[Start of section]

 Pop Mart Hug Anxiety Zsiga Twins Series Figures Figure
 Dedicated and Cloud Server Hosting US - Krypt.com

[End of section]
[Start of section]

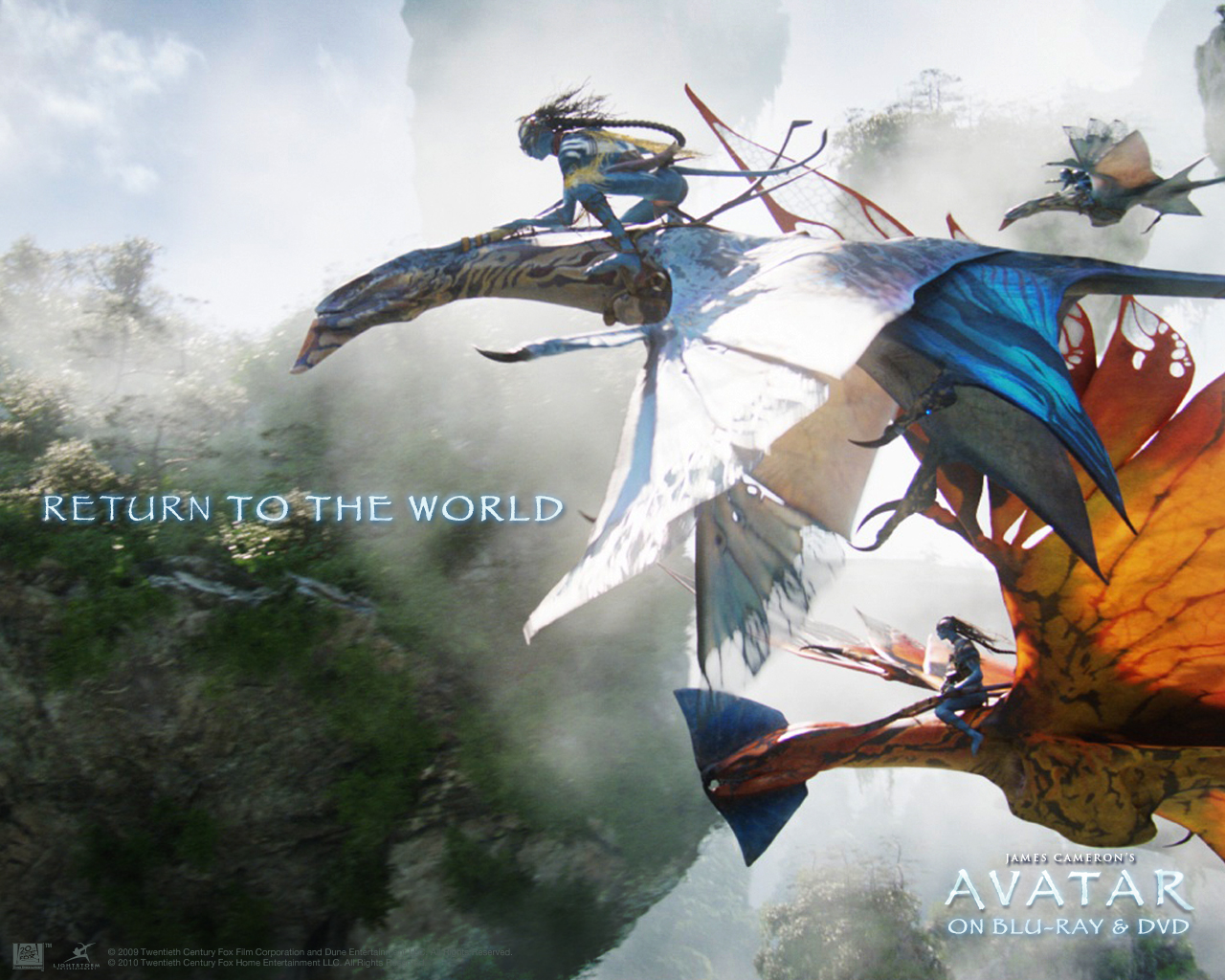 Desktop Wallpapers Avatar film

[End of section]

Of the lines above, retype only those from the line containing "Pop Mart Hug" through the line containing "Dedicated and Cloud", including both, exactly.

 Pop Mart Hug Anxiety Zsiga Twins Series Figures Figure
 Dedicated and Cloud Server Hosting US - Krypt.com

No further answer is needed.